# Meeting the Parents



## hdcross (Jul 11, 2009)

So I have posted about my new hedgy before
viewtopic.php?f=16&t=2943&st=0&sk=t&sd=a
Thats the link..

Just wanted to say how excited I am. I am on vacation before school startes back, so I went back home to visit my parents and brought hyde with me. Was a bit nervious about the long dive, but he did really well.. made a day trip so we would sleep most the time.

But, when i descided to get him, my parents didnt really back me. Since im 22 they couldnt stop me.. but they wernt really for it. 
So my father got to meet Hyde for the first time this evening. Hyde uncurled and let my dad pet him.. and my dad fell in love with my little boy.. Had me set his play pen up so he could watch him. Hyde just went about his normal evening antics. IM SOOOO HAPPY, cause hyde won daddy over to the hedgies.. He is currently running around in his play pen while I work on the computer

But yeah.. His quilling is going well too.. he is a little grumpier than he was right when i got him, but he still loves to be petted and handled.

AND he got his first nail clipping, and he was a little upset at first.. but after the first clip or two he just set down and let me do the rest. Managed not to clip to far on them, so no bleeding: I was happy for that, and he got a little bite of chicked as a treat.. he REALLY liked it.. (he also tried carrot the other day, isnt quite sure of that one)

ok I think that all the updates on my little boy.. Im a very happy hedgy slave. so happy that I got my little boy


----------



## LizardGirl (Aug 25, 2008)

Glad to hear your dad approves of little Hyde. (how could anyone not? :lol: )


----------



## Tasha (Feb 24, 2009)

I don't know anyone who isn't won over by a cute hedgie face!  

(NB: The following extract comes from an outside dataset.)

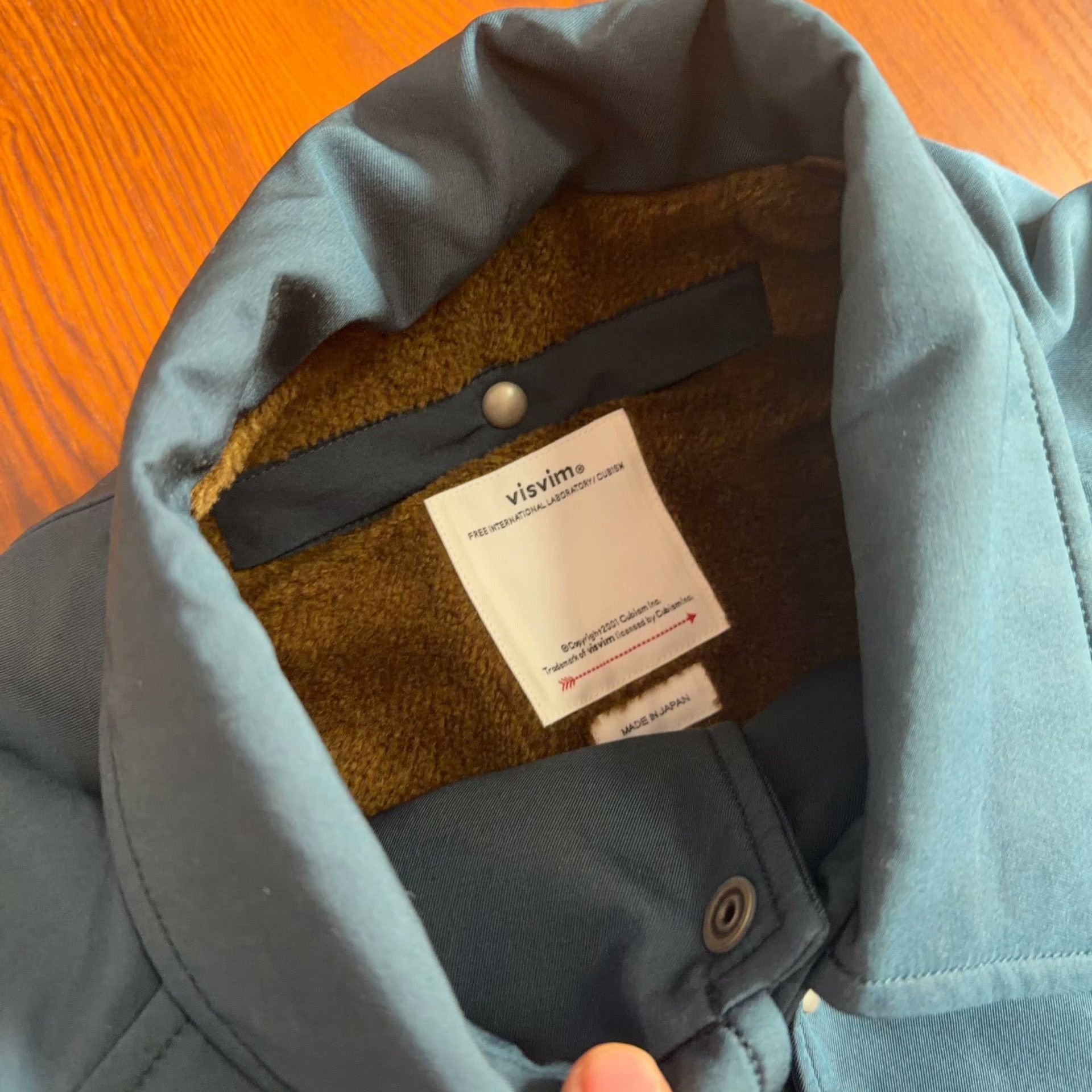 Visvim VISVIM 24SS COACH JKT Size US XL / EU 56 / 4 - 6 Thumbnail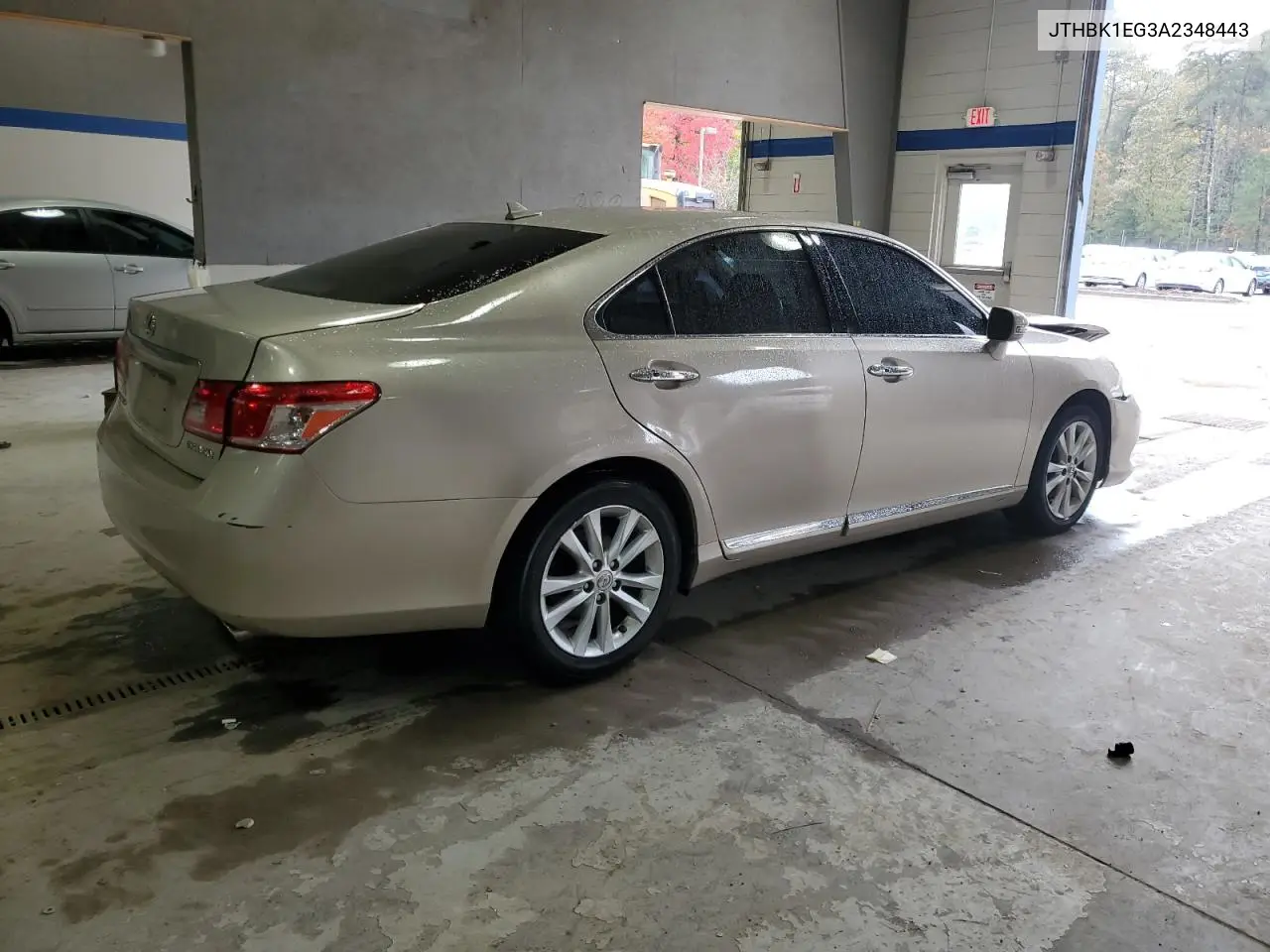 JTHBK1EG3A2348443 2010 Lexus Es 350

Glad he's been welcomed into the family.

Mines a little grump but everyone still falls in love when they see him.


----------



## raisinsushi (Jun 13, 2009)

Haha same thing happened with my parents, they were like eh, we dont want you to get another pet, until they met a hedgie, they love the cuteness


----------



## christine. (Jun 15, 2009)

My parents hated the fact that i was getting one, until i took her out and she was wondering around on my bed for the first time and they both wanted to watch her and try to touch her lol


----------



## shetland (Sep 2, 2008)

What a wonderful hedgie story!!!!!!!!!


----------